Stored data entries:
- - -
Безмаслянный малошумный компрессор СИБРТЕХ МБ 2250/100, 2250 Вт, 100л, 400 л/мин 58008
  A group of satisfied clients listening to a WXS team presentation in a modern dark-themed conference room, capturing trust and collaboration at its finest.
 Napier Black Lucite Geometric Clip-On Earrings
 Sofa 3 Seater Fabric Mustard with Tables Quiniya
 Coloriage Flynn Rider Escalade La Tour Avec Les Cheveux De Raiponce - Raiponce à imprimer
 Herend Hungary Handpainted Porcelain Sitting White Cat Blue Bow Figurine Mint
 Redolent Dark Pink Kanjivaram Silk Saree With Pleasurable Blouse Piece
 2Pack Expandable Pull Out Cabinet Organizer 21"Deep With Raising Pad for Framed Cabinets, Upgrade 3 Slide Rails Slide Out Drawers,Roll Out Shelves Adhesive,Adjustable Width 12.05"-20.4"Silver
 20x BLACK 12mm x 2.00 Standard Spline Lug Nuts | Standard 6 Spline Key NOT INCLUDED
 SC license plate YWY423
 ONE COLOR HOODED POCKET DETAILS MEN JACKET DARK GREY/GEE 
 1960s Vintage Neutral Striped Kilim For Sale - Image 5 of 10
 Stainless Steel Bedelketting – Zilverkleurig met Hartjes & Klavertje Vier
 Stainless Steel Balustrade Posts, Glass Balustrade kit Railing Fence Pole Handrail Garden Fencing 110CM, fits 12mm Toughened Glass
- - -
**YOUR INSTRUCTIONS**.
In the records above, some lines may contain the word "Stainless"; copy every one of them.

**SOLUTION**.
 Stainless Steel Bedelketting – Zilverkleurig met Hartjes & Klavertje Vier
 Stainless Steel Balustrade Posts, Glass Balustrade kit Railing Fence Pole Handrail Garden Fencing 110CM, fits 12mm Toughened Glass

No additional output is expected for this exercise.